'''

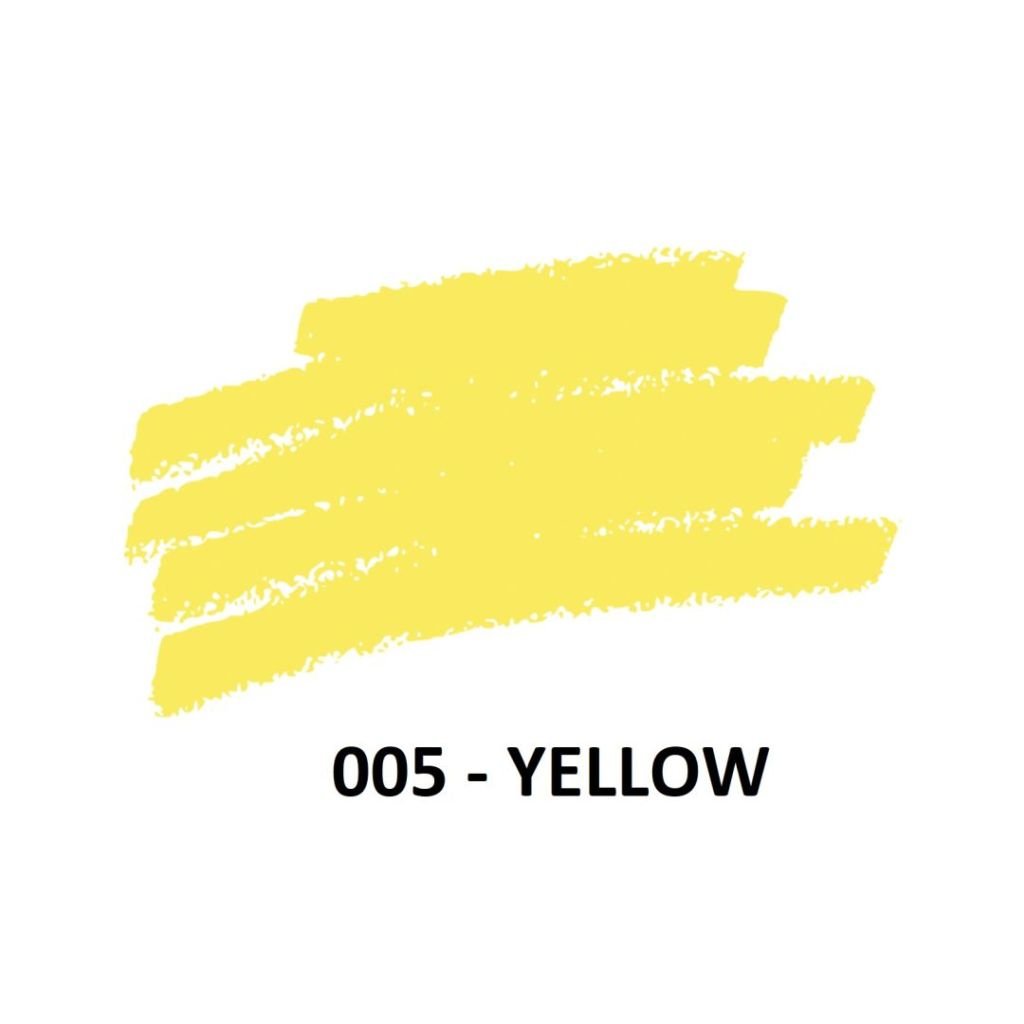 Edding 1340 Fiber Tip Brush Pens - Yellow (005)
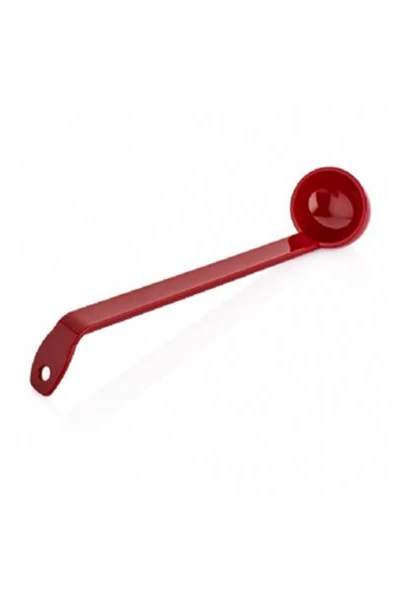 GastroPlast  GBK-20 Polikarbonat Bal Kaşığı, 20 cm, Kırmızı ürün görseli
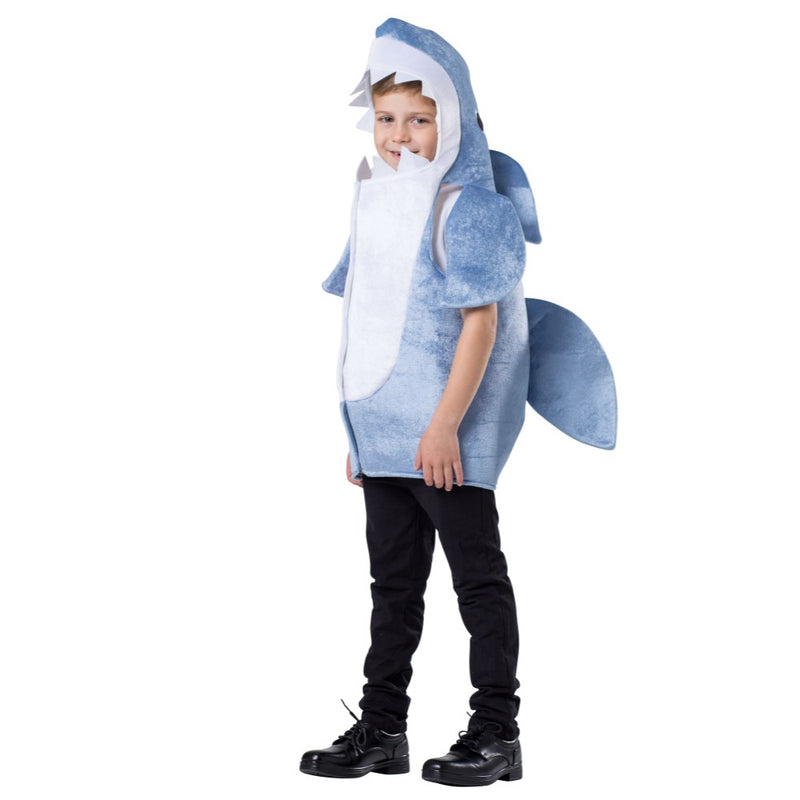 Shark Costume for Kids | Costume-Shop.com - T2 (Toddler 1-2) / Sky Blue - image 5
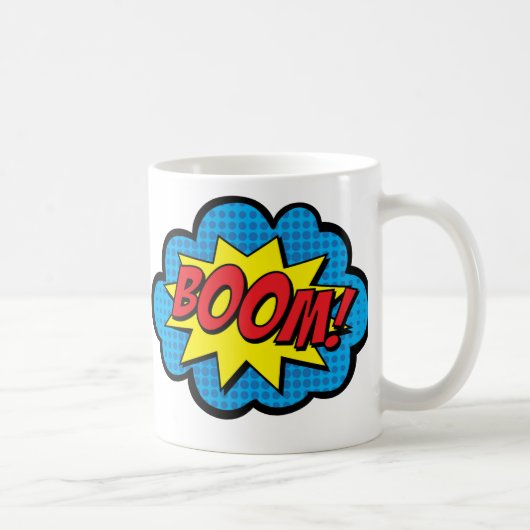 Boom-Tasse Kaffeetasse (Rechts)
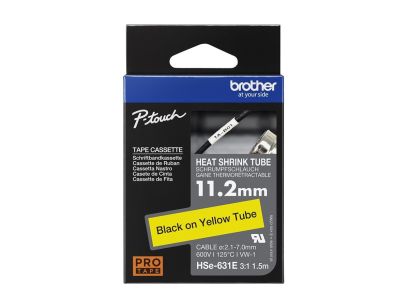Brother rurki termokurczliwe 11.2mm HSE-631E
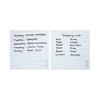 ECR4Kids MessageStor 17.5in x 17.5in Magnetic Dry-Erase Glass Boards and 4 Magnets, 2-Pack - 3 of 4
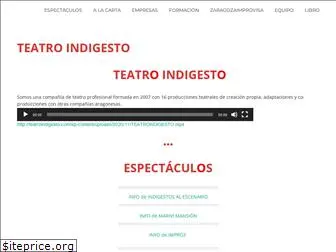 teatroindigesto.com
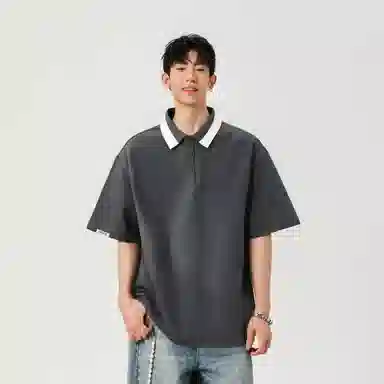 FAKE VINTAGE CleanfitPolo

'''

=== What the exercise asks ===
What is needed is every entry written out word for word, with no pictures.

=== Completed exercise ===
 Edding 1340 Fiber Tip Brush Pens - Yellow (005)
 GastroPlast  GBK-20 Polikarbonat Bal Kaşığı, 20 cm, Kırmızı ürün görseli
 Shark Costume for Kids | Costume-Shop.com - T2 (Toddler 1-2) / Sky Blue - image 5
 Boom-Tasse Kaffeetasse (Rechts)
Brother rurki termokurczliwe 11.2mm HSE-631E
 ECR4Kids MessageStor 17.5in x 17.5in Magnetic Dry-Erase Glass Boards and 4 Magnets, 2-Pack - 3 of 4
 teatroindigesto.com
 FAKE VINTAGE CleanfitPolo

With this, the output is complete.